## Work required
What lines in the data hold the string "Decor"? Show them.

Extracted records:
|---|

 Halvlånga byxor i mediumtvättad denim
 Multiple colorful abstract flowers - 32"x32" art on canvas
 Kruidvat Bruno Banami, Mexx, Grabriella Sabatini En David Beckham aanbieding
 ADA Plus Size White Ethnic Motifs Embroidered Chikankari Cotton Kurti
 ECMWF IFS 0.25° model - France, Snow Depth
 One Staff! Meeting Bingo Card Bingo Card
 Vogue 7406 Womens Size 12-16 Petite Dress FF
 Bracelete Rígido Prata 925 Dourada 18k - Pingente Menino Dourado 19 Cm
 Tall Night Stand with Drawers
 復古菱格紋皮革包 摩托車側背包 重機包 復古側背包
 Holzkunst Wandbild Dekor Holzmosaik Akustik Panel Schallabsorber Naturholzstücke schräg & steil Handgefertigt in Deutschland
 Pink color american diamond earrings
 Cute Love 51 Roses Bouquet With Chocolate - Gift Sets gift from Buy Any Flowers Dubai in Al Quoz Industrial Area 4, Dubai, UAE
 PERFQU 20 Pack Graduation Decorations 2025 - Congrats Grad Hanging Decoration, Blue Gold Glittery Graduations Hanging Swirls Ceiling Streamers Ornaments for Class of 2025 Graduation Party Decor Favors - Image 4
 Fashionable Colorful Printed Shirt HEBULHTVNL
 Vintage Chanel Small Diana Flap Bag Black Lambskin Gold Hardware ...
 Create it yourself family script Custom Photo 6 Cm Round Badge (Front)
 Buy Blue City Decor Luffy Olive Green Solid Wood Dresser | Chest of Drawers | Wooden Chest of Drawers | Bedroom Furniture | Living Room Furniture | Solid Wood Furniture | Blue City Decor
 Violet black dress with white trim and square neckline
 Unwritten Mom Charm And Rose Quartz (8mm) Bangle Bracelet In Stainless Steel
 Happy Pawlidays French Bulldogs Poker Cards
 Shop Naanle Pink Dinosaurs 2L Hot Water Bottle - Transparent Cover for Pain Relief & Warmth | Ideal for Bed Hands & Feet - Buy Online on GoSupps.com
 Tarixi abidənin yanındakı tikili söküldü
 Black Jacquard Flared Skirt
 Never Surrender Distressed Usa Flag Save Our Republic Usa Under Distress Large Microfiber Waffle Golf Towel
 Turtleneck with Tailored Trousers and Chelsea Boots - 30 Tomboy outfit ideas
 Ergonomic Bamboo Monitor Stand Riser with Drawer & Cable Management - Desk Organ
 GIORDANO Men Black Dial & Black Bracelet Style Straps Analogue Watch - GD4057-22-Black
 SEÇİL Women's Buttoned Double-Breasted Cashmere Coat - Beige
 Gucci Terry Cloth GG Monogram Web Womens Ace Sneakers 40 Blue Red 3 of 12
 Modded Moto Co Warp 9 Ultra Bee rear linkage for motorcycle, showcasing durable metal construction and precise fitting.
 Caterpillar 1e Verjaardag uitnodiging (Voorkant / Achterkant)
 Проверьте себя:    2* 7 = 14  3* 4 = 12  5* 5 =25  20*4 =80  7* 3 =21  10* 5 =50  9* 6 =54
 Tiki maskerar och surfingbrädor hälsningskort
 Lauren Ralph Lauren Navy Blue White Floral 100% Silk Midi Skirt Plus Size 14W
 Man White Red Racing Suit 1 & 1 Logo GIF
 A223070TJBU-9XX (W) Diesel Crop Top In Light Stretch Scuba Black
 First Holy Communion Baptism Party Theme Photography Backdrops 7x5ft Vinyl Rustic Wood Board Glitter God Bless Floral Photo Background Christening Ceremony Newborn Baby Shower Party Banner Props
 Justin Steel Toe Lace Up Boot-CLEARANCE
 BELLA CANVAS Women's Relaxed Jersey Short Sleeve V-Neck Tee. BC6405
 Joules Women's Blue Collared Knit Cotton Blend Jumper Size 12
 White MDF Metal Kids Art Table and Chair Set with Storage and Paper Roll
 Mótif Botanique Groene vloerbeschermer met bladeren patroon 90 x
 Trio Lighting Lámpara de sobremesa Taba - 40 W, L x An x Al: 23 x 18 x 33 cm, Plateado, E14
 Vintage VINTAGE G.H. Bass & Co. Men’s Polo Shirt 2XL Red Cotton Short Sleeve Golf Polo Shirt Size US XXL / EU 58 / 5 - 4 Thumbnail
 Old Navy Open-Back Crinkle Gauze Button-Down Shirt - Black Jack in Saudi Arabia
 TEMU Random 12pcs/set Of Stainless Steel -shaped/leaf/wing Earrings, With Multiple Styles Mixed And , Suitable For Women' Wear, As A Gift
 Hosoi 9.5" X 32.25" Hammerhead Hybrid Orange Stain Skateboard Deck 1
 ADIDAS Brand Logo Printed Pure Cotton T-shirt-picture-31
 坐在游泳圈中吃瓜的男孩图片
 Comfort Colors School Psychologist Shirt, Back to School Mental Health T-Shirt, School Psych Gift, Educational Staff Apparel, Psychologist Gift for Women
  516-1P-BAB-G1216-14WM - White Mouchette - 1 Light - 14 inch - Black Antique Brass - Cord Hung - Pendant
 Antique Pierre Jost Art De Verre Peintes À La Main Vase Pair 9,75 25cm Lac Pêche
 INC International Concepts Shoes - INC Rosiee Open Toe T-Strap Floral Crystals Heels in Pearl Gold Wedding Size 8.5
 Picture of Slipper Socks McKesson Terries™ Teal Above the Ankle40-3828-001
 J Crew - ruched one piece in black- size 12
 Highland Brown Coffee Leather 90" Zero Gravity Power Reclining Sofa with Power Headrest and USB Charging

|---|

## Written answer
 PERFQU 20 Pack Graduation Decorations 2025 - Congrats Grad Hanging Decoration, Blue Gold Glittery Graduations Hanging Swirls Ceiling Streamers Ornaments for Class of 2025 Graduation Party Decor Favors - Image 4
 Buy Blue City Decor Luffy Olive Green Solid Wood Dresser | Chest of Drawers | Wooden Chest of Drawers | Bedroom Furniture | Living Room Furniture | Solid Wood Furniture | Blue City Decor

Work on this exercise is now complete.